The oil should be preheated to 180°C (355°F). Tempura fries best between 160-180°C so by heating it to the higher end, this should accommodate for the cold items bringing the temperature down slightly, then the temperature should go back up as it cooks.
I'm not too sure why it didn't work for you (I've used this recipe many times and haven't had that problem). My only advice for problems with oil temperature is to use a thermometer for accuracy and fry in small batches, frying too many things at once can bring the temperature down too much.
What vegetables did you use? You don't need to pre-cook the vegetables, cutting them small or thin should be enough. Thank you for your feedback, I'll update the post with more advice on how to perfectly cut and cook the most commonly used vegetables. Hope this helps!
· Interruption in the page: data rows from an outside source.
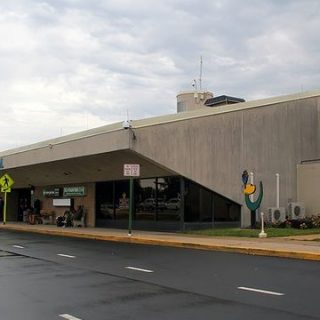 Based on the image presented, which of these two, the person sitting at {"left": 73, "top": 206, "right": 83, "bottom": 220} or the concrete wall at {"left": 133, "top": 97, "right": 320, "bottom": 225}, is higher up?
the concrete wall at {"left": 133, "top": 97, "right": 320, "bottom": 225}

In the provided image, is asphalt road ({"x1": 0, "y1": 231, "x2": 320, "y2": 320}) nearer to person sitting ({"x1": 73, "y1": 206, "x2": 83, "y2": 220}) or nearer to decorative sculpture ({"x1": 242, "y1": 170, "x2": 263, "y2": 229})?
decorative sculpture ({"x1": 242, "y1": 170, "x2": 263, "y2": 229})

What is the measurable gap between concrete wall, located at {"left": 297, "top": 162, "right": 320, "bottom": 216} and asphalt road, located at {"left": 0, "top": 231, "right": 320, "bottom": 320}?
40.0ft

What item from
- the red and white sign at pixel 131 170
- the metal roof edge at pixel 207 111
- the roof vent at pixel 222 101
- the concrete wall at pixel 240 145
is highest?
the roof vent at pixel 222 101

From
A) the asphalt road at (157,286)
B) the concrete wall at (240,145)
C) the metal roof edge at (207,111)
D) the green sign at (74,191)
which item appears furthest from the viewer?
the green sign at (74,191)

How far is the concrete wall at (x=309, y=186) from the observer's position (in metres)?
27.8

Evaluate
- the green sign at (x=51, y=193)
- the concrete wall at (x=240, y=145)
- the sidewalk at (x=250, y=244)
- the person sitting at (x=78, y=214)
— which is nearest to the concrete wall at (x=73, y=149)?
the concrete wall at (x=240, y=145)

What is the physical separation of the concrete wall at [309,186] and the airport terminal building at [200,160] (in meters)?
0.05

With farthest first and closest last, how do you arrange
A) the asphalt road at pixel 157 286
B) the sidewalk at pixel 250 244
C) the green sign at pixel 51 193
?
the green sign at pixel 51 193 < the sidewalk at pixel 250 244 < the asphalt road at pixel 157 286

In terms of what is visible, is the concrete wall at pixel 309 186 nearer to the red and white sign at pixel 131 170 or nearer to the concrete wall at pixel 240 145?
the concrete wall at pixel 240 145

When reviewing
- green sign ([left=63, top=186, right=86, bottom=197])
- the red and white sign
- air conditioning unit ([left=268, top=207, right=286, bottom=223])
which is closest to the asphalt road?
the red and white sign

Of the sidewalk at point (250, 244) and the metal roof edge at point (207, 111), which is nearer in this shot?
the sidewalk at point (250, 244)

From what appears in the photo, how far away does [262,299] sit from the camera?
9.34 meters

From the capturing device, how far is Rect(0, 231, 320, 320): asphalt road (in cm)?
841

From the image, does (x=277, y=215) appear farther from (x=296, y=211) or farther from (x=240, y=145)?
(x=240, y=145) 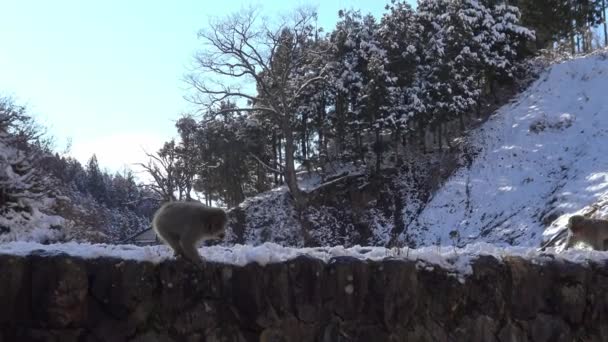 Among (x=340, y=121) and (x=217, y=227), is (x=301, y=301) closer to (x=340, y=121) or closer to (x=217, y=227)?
(x=217, y=227)

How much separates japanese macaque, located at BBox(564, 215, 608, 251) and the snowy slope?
22.0 ft

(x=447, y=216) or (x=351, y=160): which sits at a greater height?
(x=351, y=160)

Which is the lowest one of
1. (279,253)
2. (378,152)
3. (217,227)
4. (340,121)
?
(279,253)

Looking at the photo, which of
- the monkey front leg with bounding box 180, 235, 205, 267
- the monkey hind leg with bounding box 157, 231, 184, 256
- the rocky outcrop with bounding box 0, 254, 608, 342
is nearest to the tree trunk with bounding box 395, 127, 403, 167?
the rocky outcrop with bounding box 0, 254, 608, 342

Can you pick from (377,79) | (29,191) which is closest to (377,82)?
(377,79)

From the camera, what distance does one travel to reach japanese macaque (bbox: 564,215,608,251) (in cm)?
1010

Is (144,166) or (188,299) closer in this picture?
(188,299)

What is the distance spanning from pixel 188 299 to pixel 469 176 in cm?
2260

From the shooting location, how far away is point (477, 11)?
30.0 meters

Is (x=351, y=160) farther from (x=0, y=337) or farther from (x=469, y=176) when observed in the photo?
(x=0, y=337)

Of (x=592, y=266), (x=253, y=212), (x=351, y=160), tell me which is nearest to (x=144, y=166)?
(x=253, y=212)

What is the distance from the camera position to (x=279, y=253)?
20.0 feet

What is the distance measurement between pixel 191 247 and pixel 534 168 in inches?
811

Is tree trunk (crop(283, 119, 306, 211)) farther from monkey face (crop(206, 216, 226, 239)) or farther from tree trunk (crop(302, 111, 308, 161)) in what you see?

Hi Yuto, thanks for the recipe! Was really just looking to confirm quantities cuz usually eyeball it, but your tips and additions are very helpful! Mom, who's Japanese, only used iced water, flour, and egg, mixed gently with ohashi, and an electric wok. Don't have sparkling water to try (will try next time), but will be trying the corn starch, using mayo instead of egg for our small batch, and coating with flour before battering. Also using a little bottle of dipping sauce that someone gave me - ran out of mirin so it's a good excuse to be lazy and finally see how that sauce in a bottle is. Since it's a small batch, will get to try out the deep fryer instead of the usual electric wok. We're having a late snack of broccoli and onion tempura with rice tonight! BBL... Oishi! Love the corn starch addition, and the batter stuck perfectly to the onion slices as promised! Hubs wants more! Think the electric wok is better. Bottled sauce was ok, but will stick to Mom's sauce. Thanks again!
Thank you for trying the recipe and sharing your experience. The mayo trick is great for small batches isn't it?
Glad to hear you and your husband enjoyed the recipe, thanks again!